The airplane, Solar Impulse 2, is only the second of its kind; powered purely by batteries, which are themselves recharged only by solar power, it was built to circle the globe, spreading environmental awareness in its wake. Its predecessor, the original Solar Impulse, flew across the U.S. in 2013. Landing scarcely faster than a running person, it was an impressive and bizarre sight at commercial airports.
Solar Impulse 2 took off from Abu Dhabi, UAE on March 9, with the goal of completing the round-the-world journey east-to-west in 12 legs. Since the first try at a trans-Pacific flight, leaving from Nanjing, China, was aborted due to weather, the aircraft landed in Nagoya to await better conditions, and is now set to finish after 13 legs.
Clearly the team isn’t in a hurry. Commercial airplanes cross the Pacific many times every day, moving much, much faster, and they serve coffee onboard. What’s the point of this odd, one-off airplane?
The aviation world, and global transportation generally, is entirely dependent on fossil fuels, which consist of decayed organic matter from once-living organisms. Those fuels, burned and cast into the atmosphere, represent the major contributor to global warming. Aviation contributes only a small fraction of total carbon emissions, but has an outsize importance: emissions from aircraft are injected directly into the upper atmosphere, and are almost entirely unregulated (though there are steps in that direction), unlike the emissions from automobiles and ships. Large jet airliners like the 747s that cross the Pacific every day can burn in the neighborhood of 36,000 gallons on a single flight. With 500 people aboard, it’s actually a fairly fuel-efficient way to travel, but 36,000 gallons of burning gasoline emits a whole lot of carbon.

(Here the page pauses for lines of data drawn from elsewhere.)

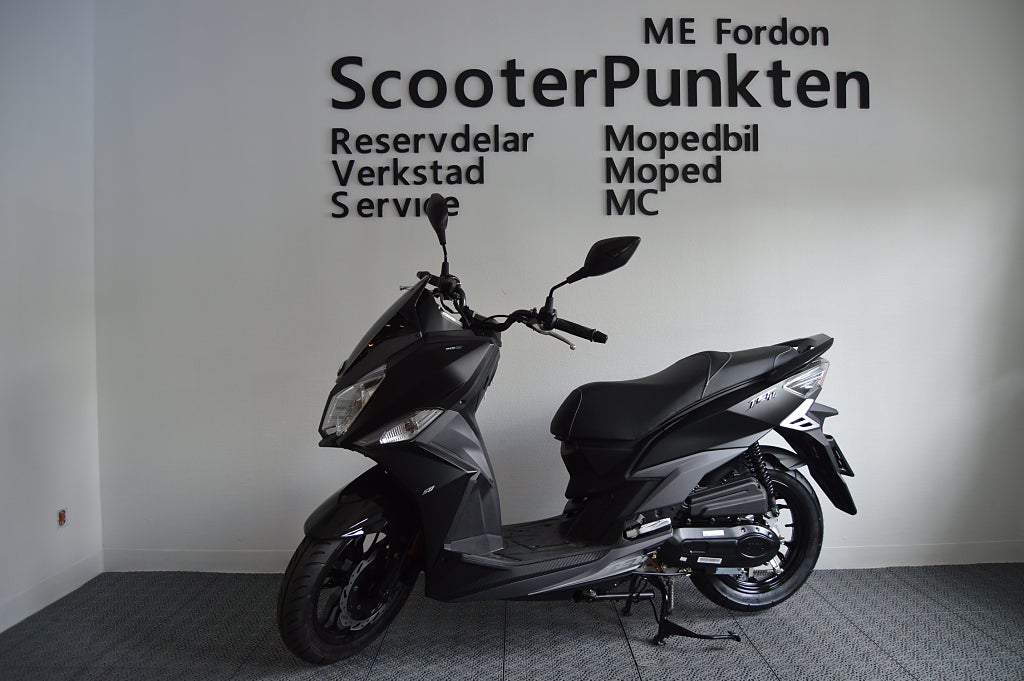 SYM JET 14 EURO 5 **KLASS:1** 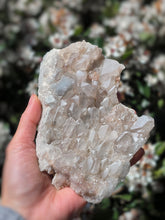 이미지를 갤러리 뷰어에 로드 , Skeleton Quartz Cluster with Phantom Inclusion - 616g #12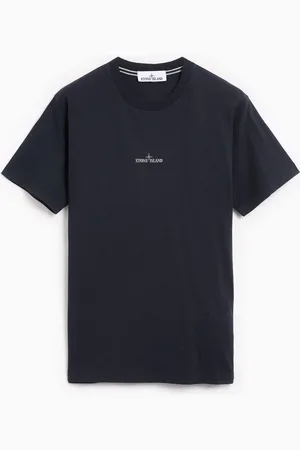 Stone Island Logo Men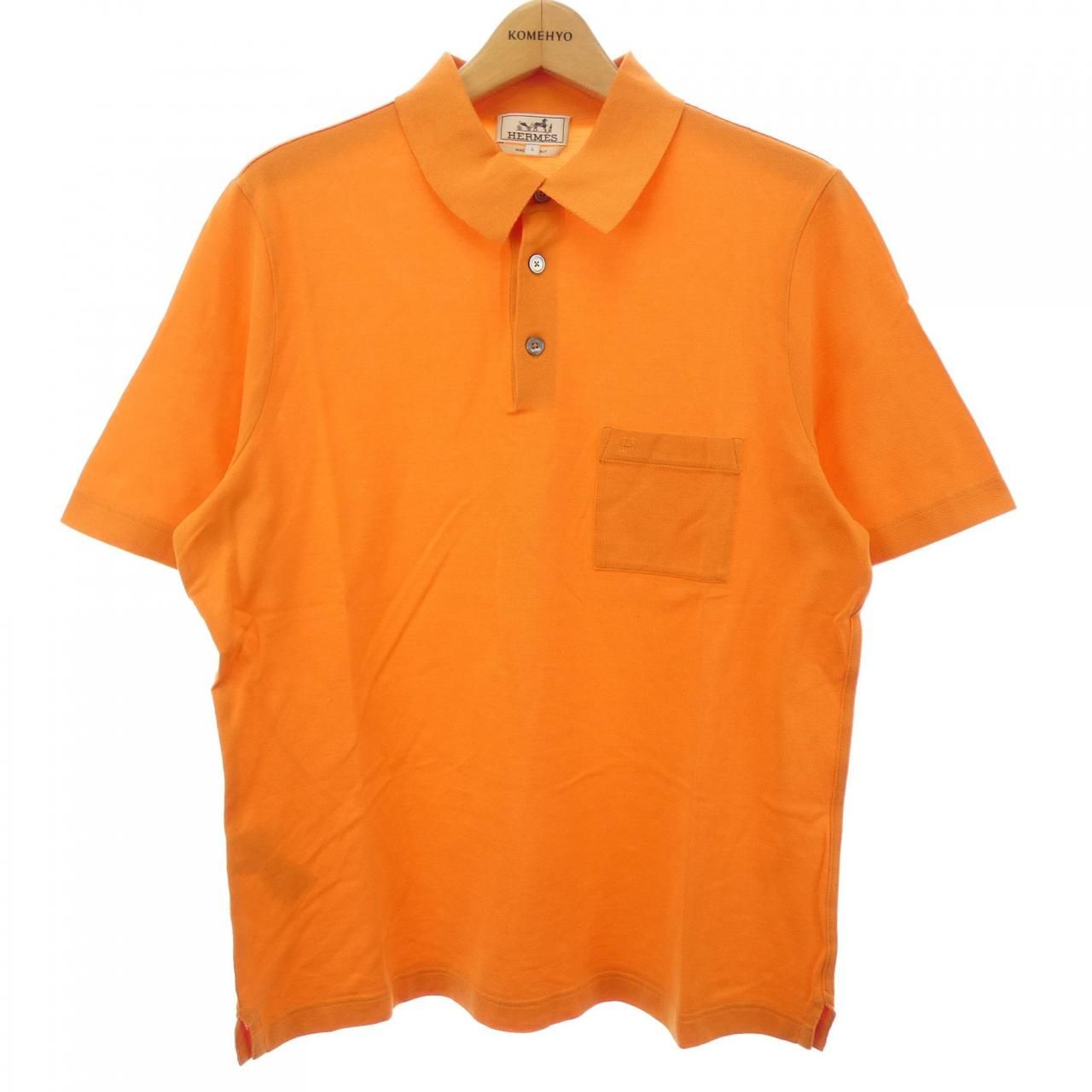 エルメス HERMES 51-5700 ポロシャツ 【公式通販】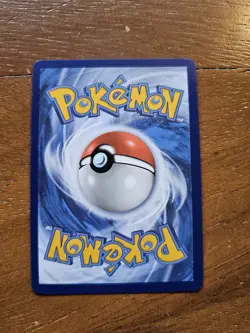 Spidops Ex Pokemon Card Full Art 243/198 Double Gold Star - Image 2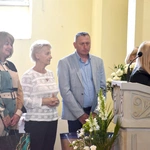 Zmiana proboszcza w parafii św. Michała Archanioła w Dobromierzu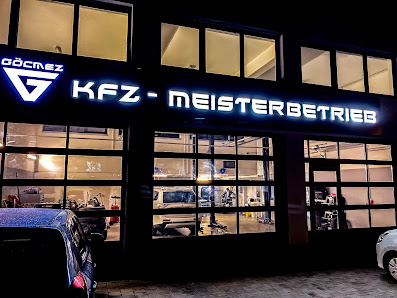Kfz-Meisterbetrieb Göcmez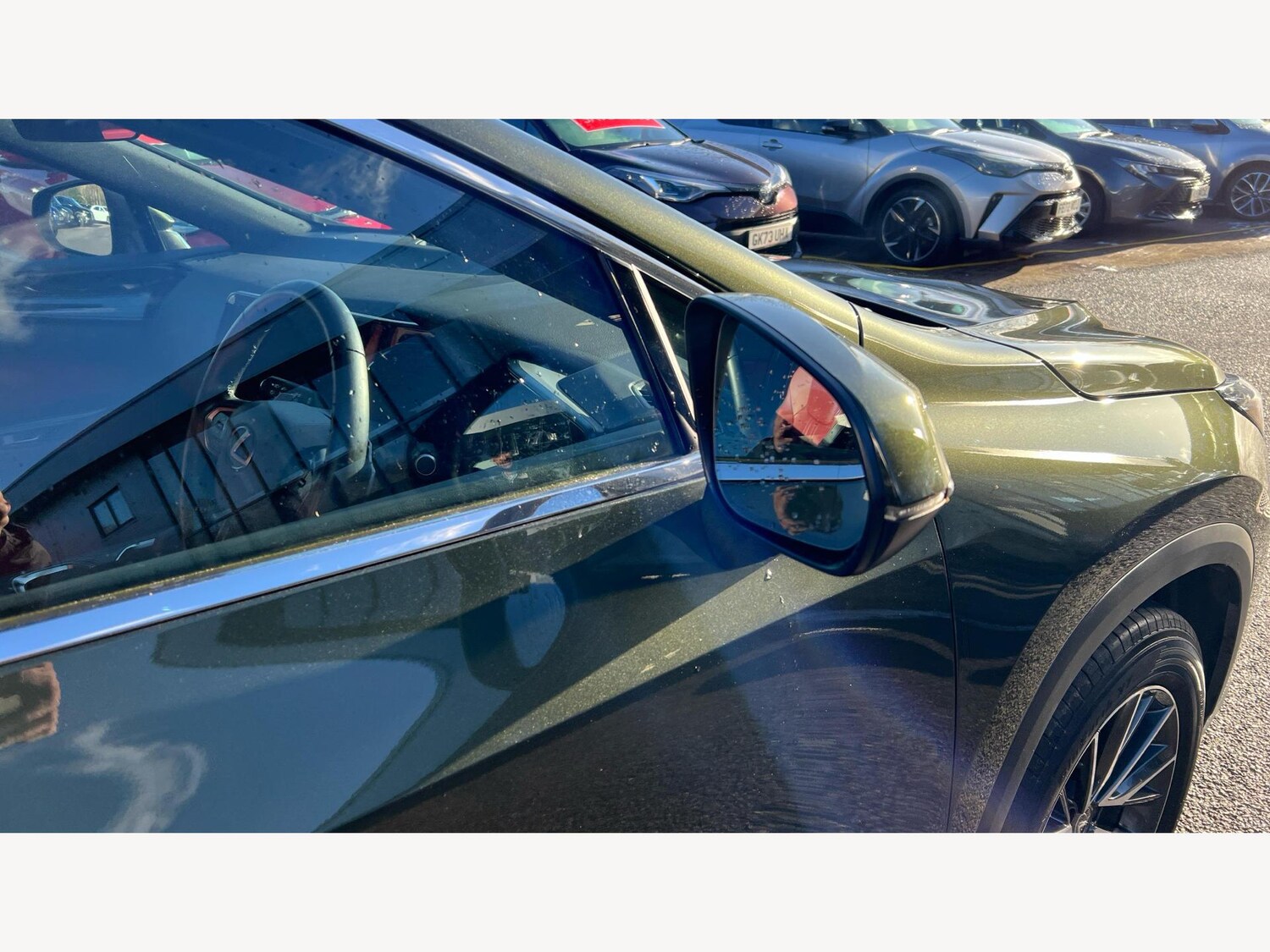 Used Lexus NX 2024 for sale - 77203642: Photo 28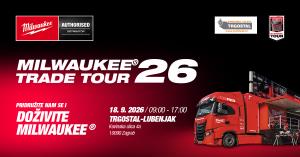 MILWAUKEE BIG RED 2026 - TRGOSTAL LUBENJAK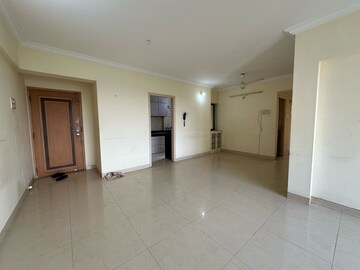 Living Room in 3 BHK Apartment at Renaissance Tower, Andheri West – for Rent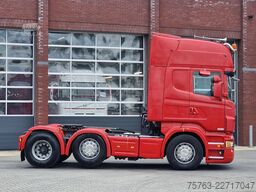 Scania R 500 A 6X2/4 Topline - Retarder - PTO/Hydrauli...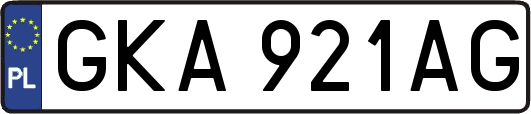 GKA921AG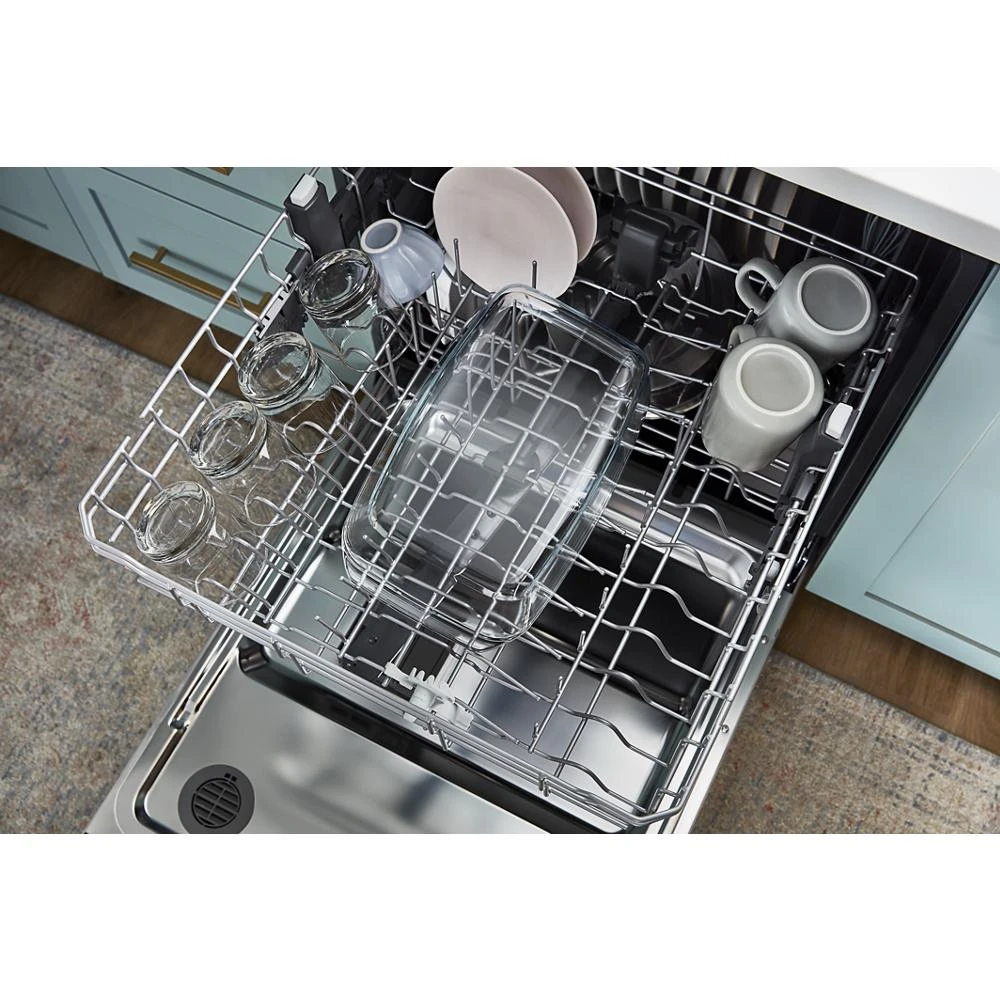 Quiet Dishwasher with 3rd Rack view 32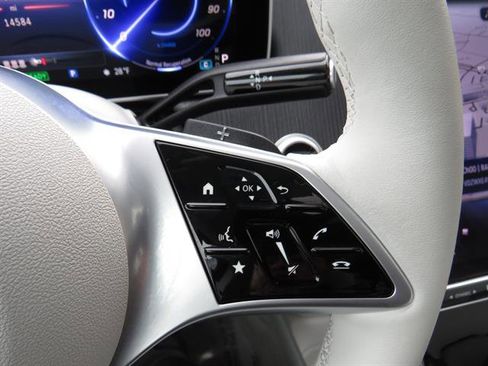 Used 2024 Mercedes-Benz EQE 350+ 4MATIC SUV image 6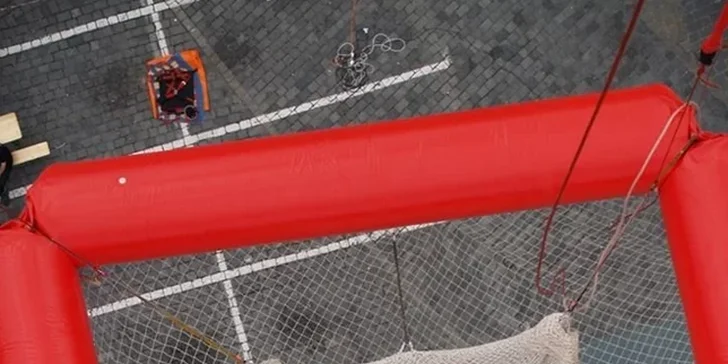 Bungee Jump či Bungee S.C.A.D. - seskok až ze 120 metrů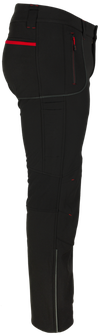 BENNON softshell trousers SOLON, black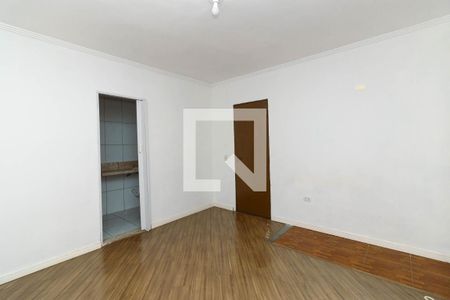 Suíte 1 de casa de condomínio à venda com 2 quartos, 60m² em Vila Araguaia, São Paulo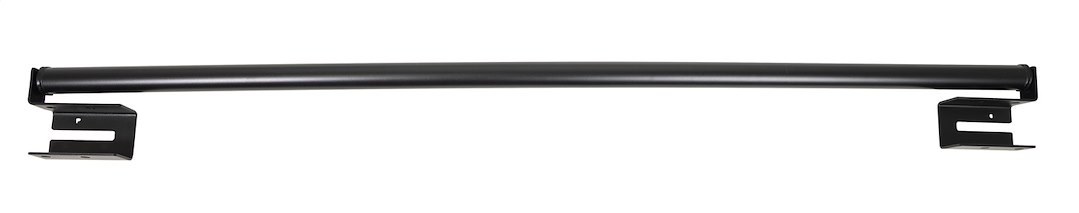 Weather Guard Ladder Rack Cross Bar, For Use with Weatherguard Rack 1275-52-02, Rear Rolling, Single, Matte Black, Steel – 1090-52-01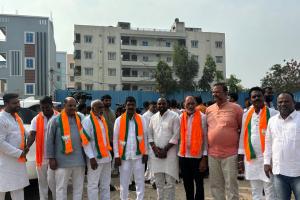 రామచంద్ర రావు నేతృత్వంలో మూసీ బాధితులకు అండగా బీజేపీ పాదయాత్ర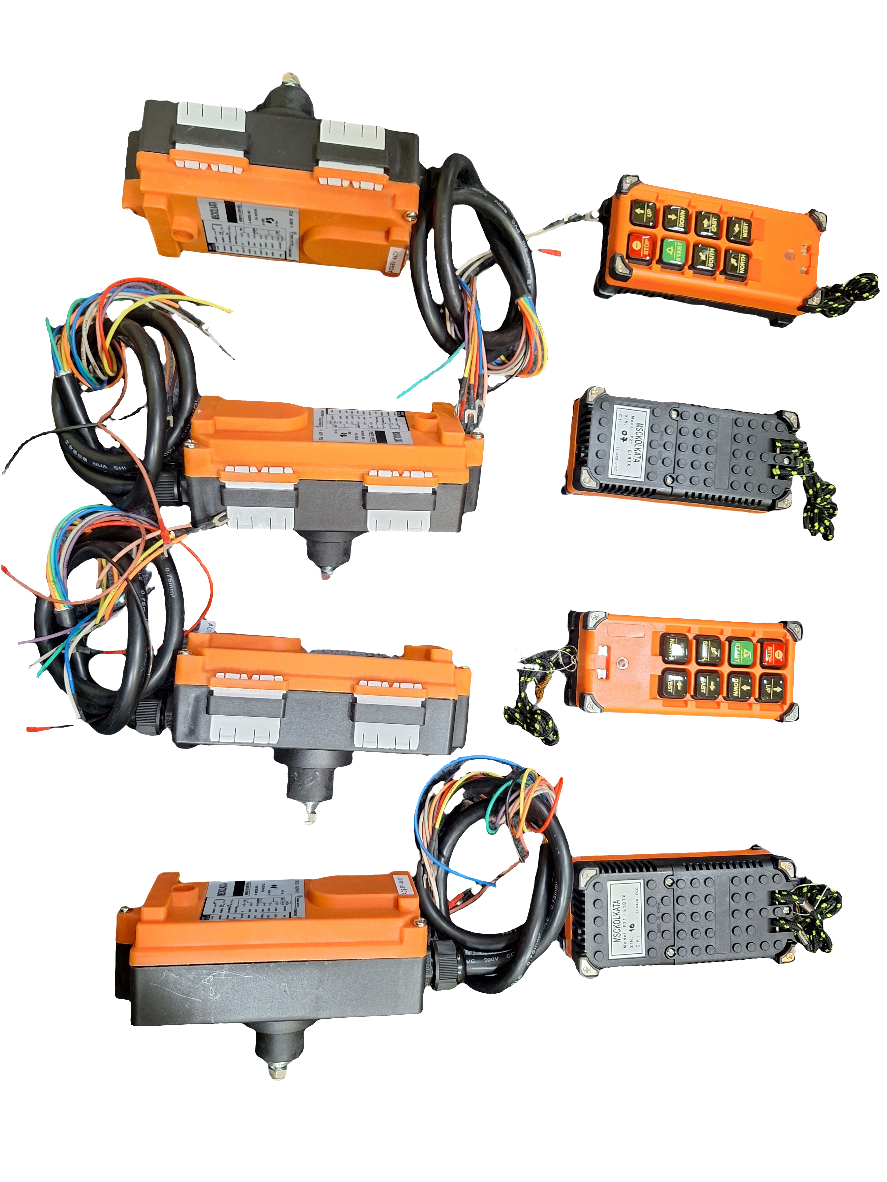 F21 crane wireless remote control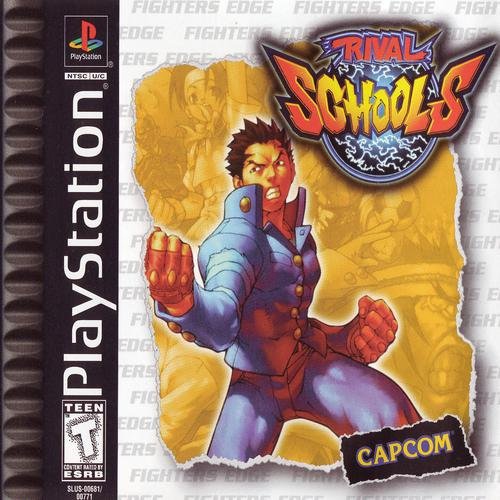 Rival Schools: United by Fate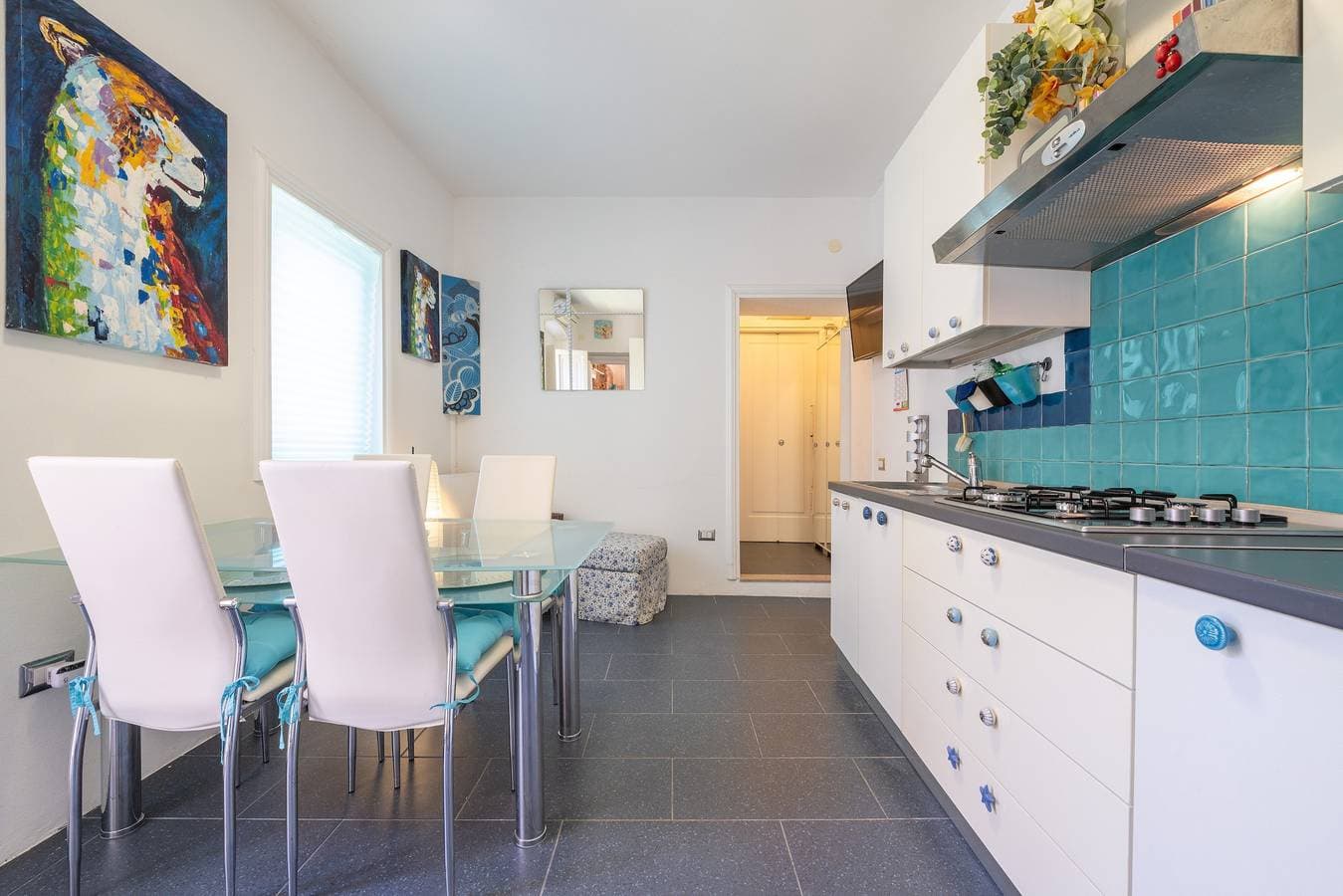 Foto 5 von 29: Ferienwohnung 'Casa Nora' mit privater Terrasse, WLAN und Klimaanlage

Fuel was once dirt-cheap, but that changed for good after the oil crises of the late 1970s, though it is still far cheaper on average than milk ($2.77/gal vs. 3.38/gal as of today). Gas has been among aviation’s biggest costs ever since then—a huge concern to the airline industry, which often operates on a razor’s edge between profitability and bankruptcy. Little tricks help burn less gas. Lighter mechanical components require less energy to push through the air, winglets improve aerodynamic efficiency, and every successive generation of jet engines burns around 10-12 percent less fuel than its predecessor. But that will only get you so far. Jet engines are already among the most efficient machines we have, and we’re not far off from the thermodynamic limits of the Brayton Cycle. Soon there will simply be no way to get more energy out of burning fuel.
There really is no ready replacement for jet engines, much less engines that could compete economically. As a result, those people proposing alternatives were generally ignored as utterly impractical. Gasoline-battery hybrid cars have taken to the streets only recently, and the aerospace industry tends to be much more conservative than their ground-bound car-building colleagues, generally with good reason.
But by flying all the way around the planet without a single drop of gas, the Solar Impulse team hopes to prove the practicality of solar power, and so jolt the world into noticing that batteries really can be useful. Granted that, with the lightest airplane manageable, and with a pilot as its only cargo, it is still moving slower than some legged animals. But it is an achievement nonetheless, when skeptics say that battery-powered aircraft have no use at all.
It will be years, at least, before battery-powered flyers take to the air in number, and absent a radical breakthrough in energy storage there is still no practical way for them to do much more than lift themselves, much less compete with gas-burning jet propulsion. But there are some uses—staying aloft for 72 hours at a time, for example—and small general aviation aircraft and unmanned air vehicles (UAVs) will certainly be among the first adopters. There are a great many challenges yet to overcome, but proponents will at least have a concrete achievement to point to.
Assuming Borschberg makes it. It’s a long way from the middle of the Pacific to Abu Dhabi, and after four days of sleepless flight, the remainder of the flight to Hawaii must seem just as long.